++++ Information provided ++++

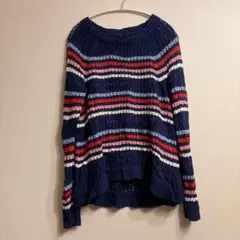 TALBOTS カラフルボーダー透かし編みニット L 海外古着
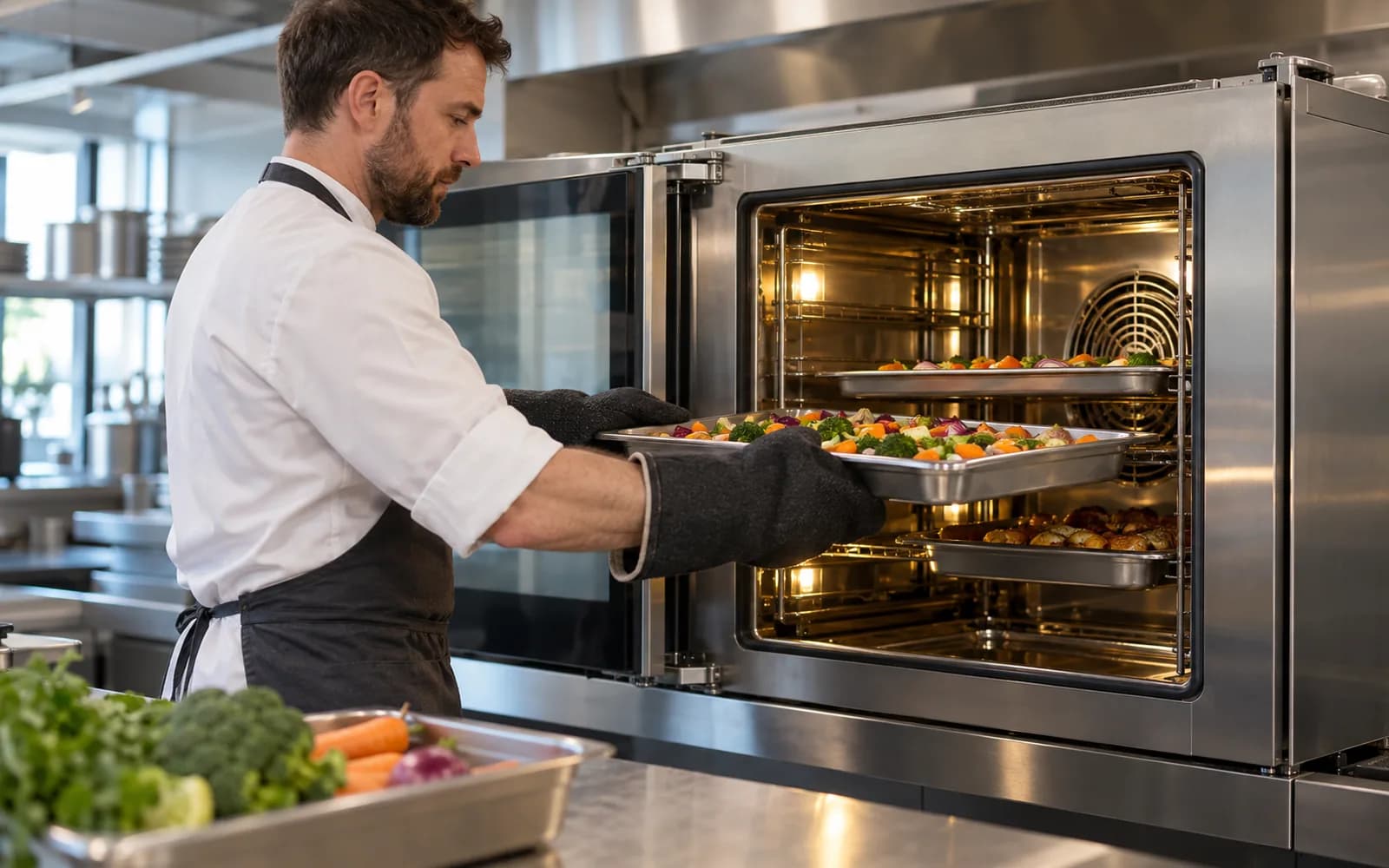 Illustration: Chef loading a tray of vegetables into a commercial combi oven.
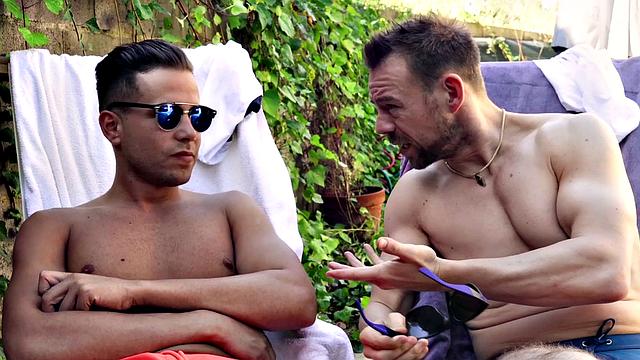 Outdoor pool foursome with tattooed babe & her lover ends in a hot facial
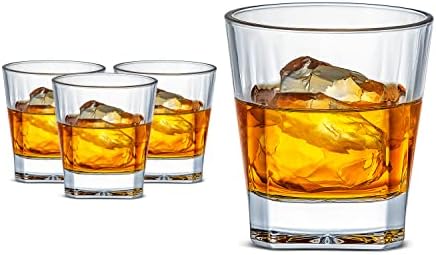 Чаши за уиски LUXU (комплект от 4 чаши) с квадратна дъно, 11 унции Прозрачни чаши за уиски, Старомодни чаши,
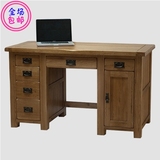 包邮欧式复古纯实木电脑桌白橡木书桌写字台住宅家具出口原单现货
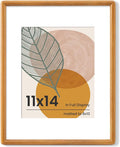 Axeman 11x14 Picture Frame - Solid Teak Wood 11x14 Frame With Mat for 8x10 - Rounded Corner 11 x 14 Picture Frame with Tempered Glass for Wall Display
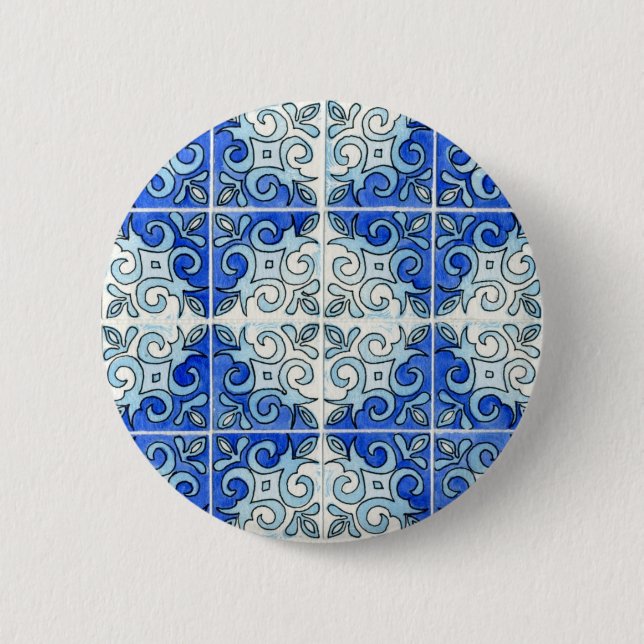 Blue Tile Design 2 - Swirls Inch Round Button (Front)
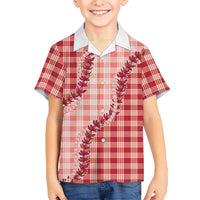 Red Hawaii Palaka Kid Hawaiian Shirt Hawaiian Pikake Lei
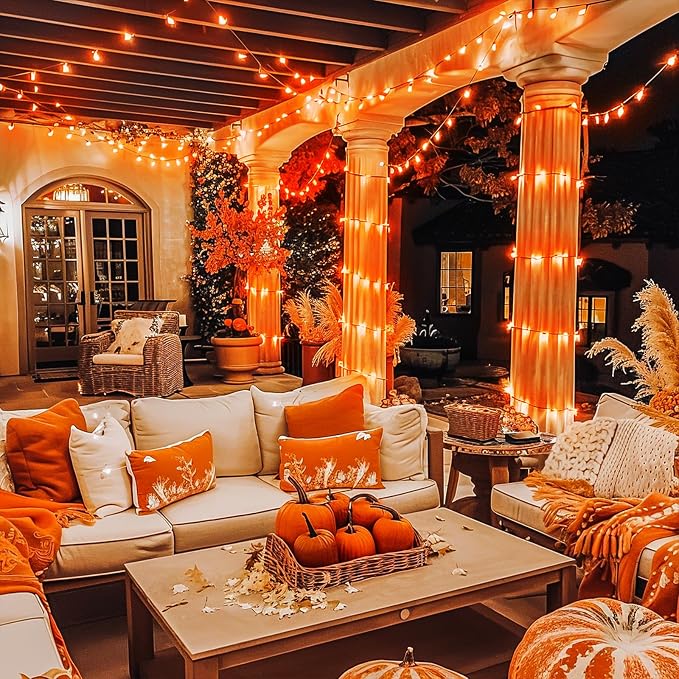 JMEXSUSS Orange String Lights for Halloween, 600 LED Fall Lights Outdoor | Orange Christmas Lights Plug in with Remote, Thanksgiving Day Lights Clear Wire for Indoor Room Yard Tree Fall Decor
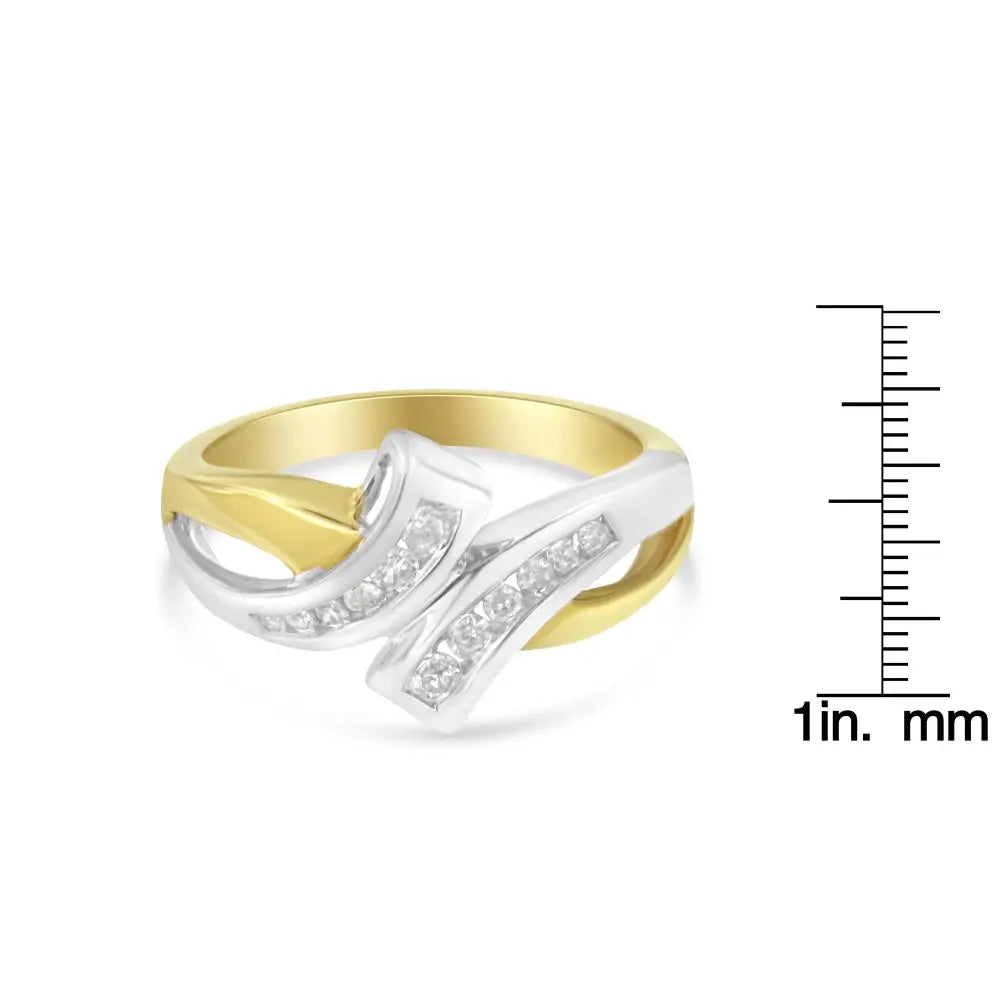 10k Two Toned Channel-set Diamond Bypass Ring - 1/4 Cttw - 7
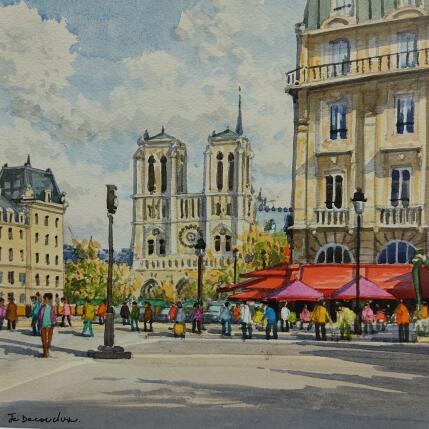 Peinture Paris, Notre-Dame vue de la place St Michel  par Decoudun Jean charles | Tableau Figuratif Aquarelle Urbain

++++
++++ Information provided ++++

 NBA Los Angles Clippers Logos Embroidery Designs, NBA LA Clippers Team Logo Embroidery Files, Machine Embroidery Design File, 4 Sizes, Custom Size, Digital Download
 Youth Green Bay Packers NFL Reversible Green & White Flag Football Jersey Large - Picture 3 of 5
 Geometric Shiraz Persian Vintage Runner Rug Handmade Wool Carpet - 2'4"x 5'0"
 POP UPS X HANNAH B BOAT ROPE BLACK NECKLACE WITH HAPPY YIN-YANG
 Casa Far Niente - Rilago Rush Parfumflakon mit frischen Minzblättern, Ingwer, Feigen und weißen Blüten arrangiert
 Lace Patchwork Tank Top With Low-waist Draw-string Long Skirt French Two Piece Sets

++++
++++ Information provided ++++

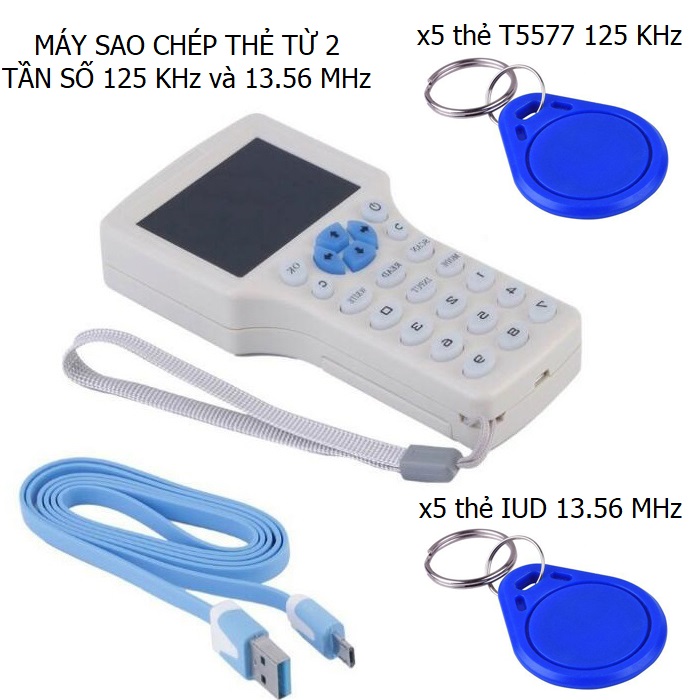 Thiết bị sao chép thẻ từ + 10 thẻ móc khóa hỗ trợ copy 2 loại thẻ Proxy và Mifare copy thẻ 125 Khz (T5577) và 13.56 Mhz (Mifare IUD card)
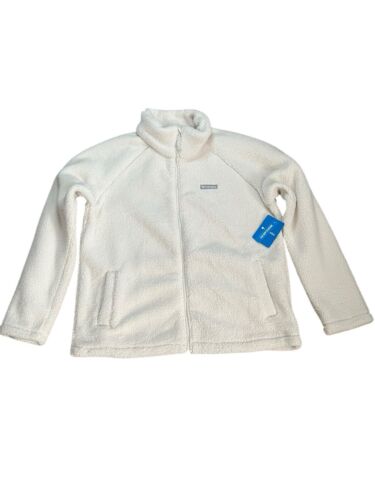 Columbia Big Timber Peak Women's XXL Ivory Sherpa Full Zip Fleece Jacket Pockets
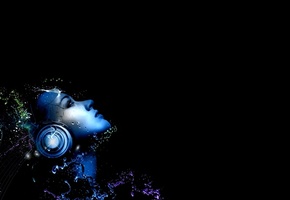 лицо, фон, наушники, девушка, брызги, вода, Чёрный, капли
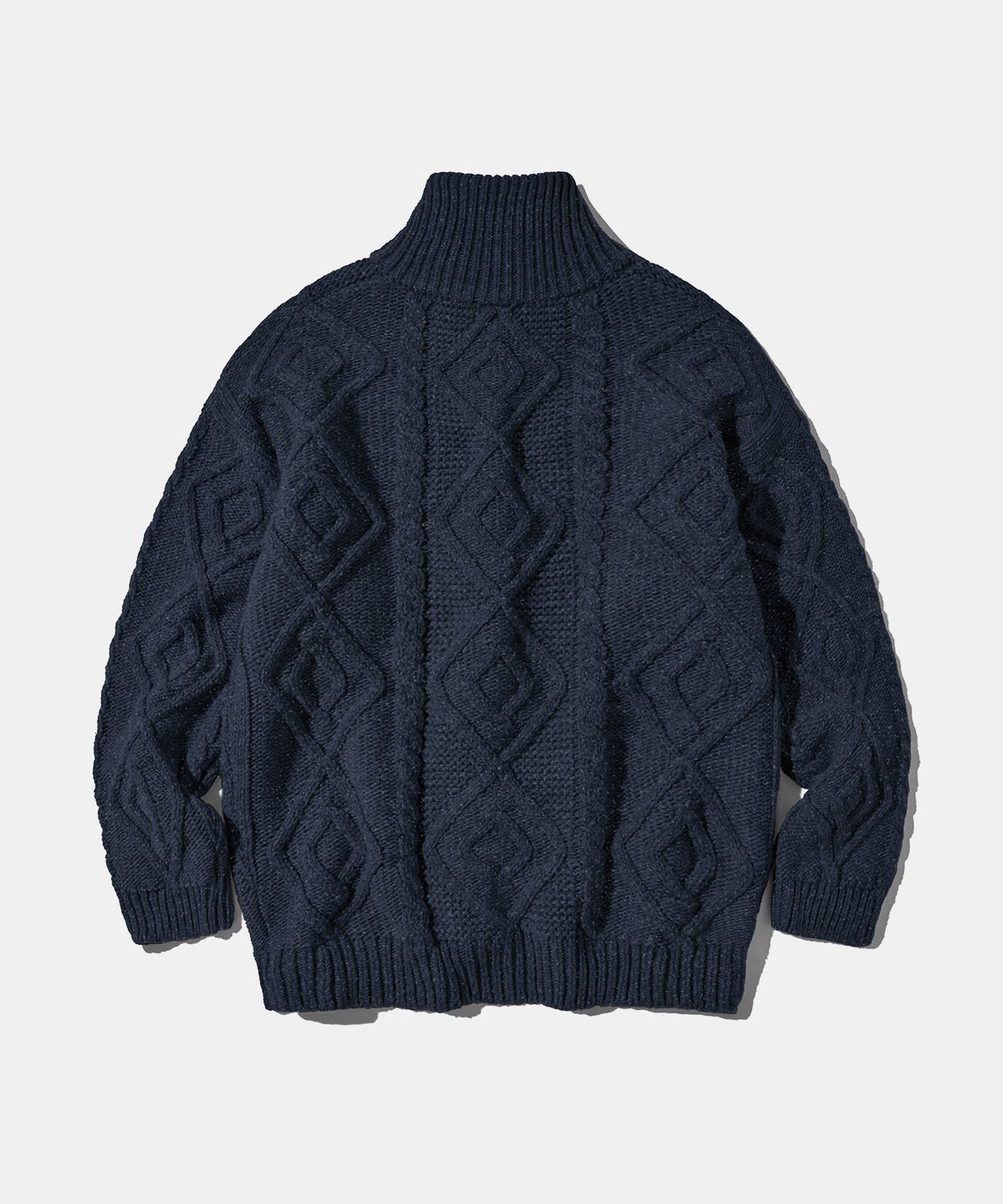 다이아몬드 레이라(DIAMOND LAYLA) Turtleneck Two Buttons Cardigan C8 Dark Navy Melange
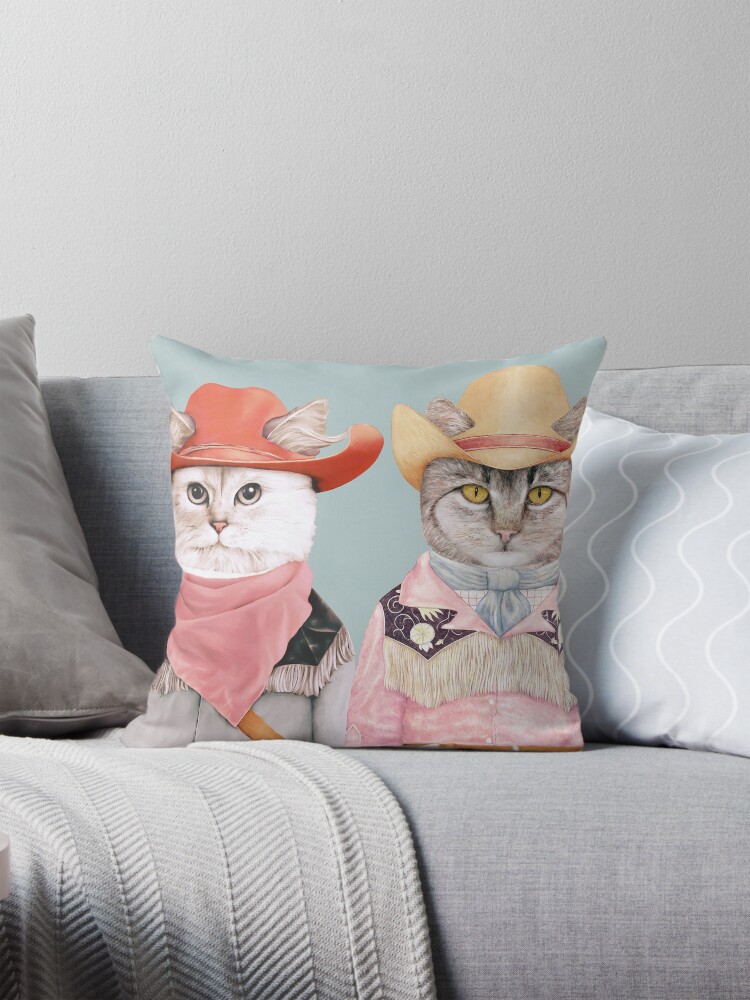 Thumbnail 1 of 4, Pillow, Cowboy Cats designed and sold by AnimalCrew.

++++

For this exercise, reproduce exactly the lines of the records above from the one with "TALBOTS カラフルボーダー透かし編みニット L 海外古着" up to and including the one with "Чаши за уиски LUXU", without pictures.

Answer space
 TALBOTS カラフルボーダー透かし編みニット L 海外古着
 Illustration: Chef loading a tray of vegetables into a commercial combi oven.
 Outdoor pool foursome with tattooed babe & her lover ends in a hot facial
 Чаши за уиски LUXU (комплект от 4 чаши) с квадратна дъно, 11 унции Прозрачни чаши за уиски, Старомодни чаши,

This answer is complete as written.